Kedan's algorithm.java

[GAJAL999]

This is an example of Kedan's Algorithm to find maximum subarray. It finds the maximum possible sum of elements of array. It uses a loop to check the max sum of elements of array.

[GAJAL999]

please consider my pull request as it was a part of your issues also

[AmriteshRaj123]

Kadan's Algorithm Steps :-

1. Initialise Variables:
   maxSoFar to store the maximum sum of any subarray encountered so far, initialized to the smallest possible integer (or arr[0] if the array has at least one element).
   maxEndingHere to store the maximum sum of the current subarray, initialized to zero or arr[0].
   Iterate Over the Array:

For each element in the array, add it to maxEndingHere.
Update maxSoFar to the maximum of maxSoFar and maxEndingHere.
If maxEndingHere becomes negative, reset it to zero since a negative sum would reduce the potential maximum sum of any subarray including future elements.
Return maxSoFar:

After iterating through the array, maxSoFar will contain the maximum sum of a contiguous subarray.

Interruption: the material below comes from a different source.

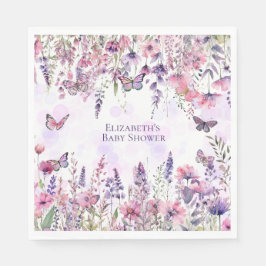 Whimsisk Lila Rosa Butterflies & Wildblommor Pappersservett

public class KadanesAlgorithm {
public static int maxSubArraySum(int[] arr) {

    if (arr.length == 0) return 0;

    int maxSoFar = arr[0];  // Initialize to the first element of the array
    int maxEndingHere = arr[0];  // Start with the first element as the initial subarray sum

    for (int i = 1; i < arr.length; i++) {
       
        maxEndingHere = Math.max(arr[i], maxEndingHere + arr[i]);
        
    
        maxSoFar = Math.max(maxSoFar, maxEndingHere);
    }
    
    return maxSoFar;
}

public static void main(String[] args) {
    int[] arr = {-2, 1, -3, 4, -1, 2, 1, -5, 4};
    System.out.println("Maximum Subarray Sum: " + maxSubArraySum(arr));
}

}

Explanation of Changes

Edge Case: The function handles an empty array by returning 0. This can be adjusted based on the specific requirement.

Initialization: maxSoFar and maxEndingHere are both initialized to arr[0] (the first element), which simplifies handling arrays where all elements are negative.

Loop Logic: Instead of adding every element to maxEndingHere, we use Math.max(arr[i], maxEndingHere + arr[i]) to decide whether to start a new subarray at arr[i] or continue with the current one.

This corrected version ensures an efficient
𝑂(n)